Part of the work of “Expanding our Circle,” as our new Voices Together hymnal invites us to do, involves getting to know people who have different abilities, cultural ways, histories and stories that shaped them, and different faiths, to name a few. It involves welcoming all as brothers and sisters in our human family.  In a recent webinar I attended, author Omar Mouallem shared from his recently published book Praying to the West, How Muslims Shaped the Americas. I asked Omar what advice he would have for an interfaith worker like myself.  He offered that good interfaith work considers each group’s histories as part of the bridge-building.  As well, he encouraged me to explore smaller groups who have particular histories, not just the mainline groups that have greater power to represent others. 

Omar summed up his advice with this:  “It is hard to be afraid when you understand!” Interfaith work is about bridging to create opportunity for understanding.  The nudge I heard from Omar is that deep understanding comes from knowing about faith practices and beliefs, but, perhaps even more importantly, understanding the stories and histories that have shaped each individual and each group.  These histories include long ago, current geopolitical histories, but also the local history of the group in more recent times.  Our tendency is to take shortcuts and reduce people’s stories by taking our cues from leaders empowered to represent others, and a media that often distorts the balance that our stories as individuals and as small groups offer.

Omar’s comment works with the emotion of fear and offers an antidote which is understanding.  What is the opposite of “afraid”? And what is the opposite of “understand”?  I propose that in the context of interfaith work, the opposite of “afraid” is “familiar” and “predictable.”  When something is unfamiliar and unpredictable, the unknown can give us a sense of fear.  When things are familiar and predictable, we settle into acceptance as part of our normal.  Of course, this takes time and practice. 

The opposite of “understand” might be captured as the “oppression of misinformation.”  Mis-information encompasses all of the stories that are either only partly true or outright false representations of me, of my people, of my history, of my reality and of my faith.  When we “understand,” then, we have done the work of listening to stories, which leads to that which we most need in relationship – for those stories to be believed as true.  When we accept misinformation as truth, we become part of an oppressive machine that perpetuates stories that allow harm to flourish. 

Part of my job is to work with our Mennonite Church Alberta community to create opportunities for relationships to develop safely in unfamiliar and unpredictable contexts.

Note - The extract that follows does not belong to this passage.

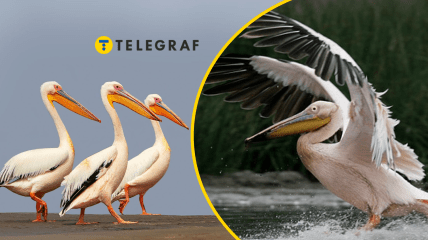 Рожеві пелікани, ілюстративне фото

This is so that we – as a community -- can begin to feel that there is familiarity and predictability in our interactions with people of different faiths.  I do this by reaching out, showing up and hanging out with Muslims of all types, and sharing my stories with you.  As we absorb these stories, as a conference of Mennonites, we can push back against the oppression of misinformation and create spaces for trusting and allied relationships to flourish – in the spirit of Jesus, our great example and saviour.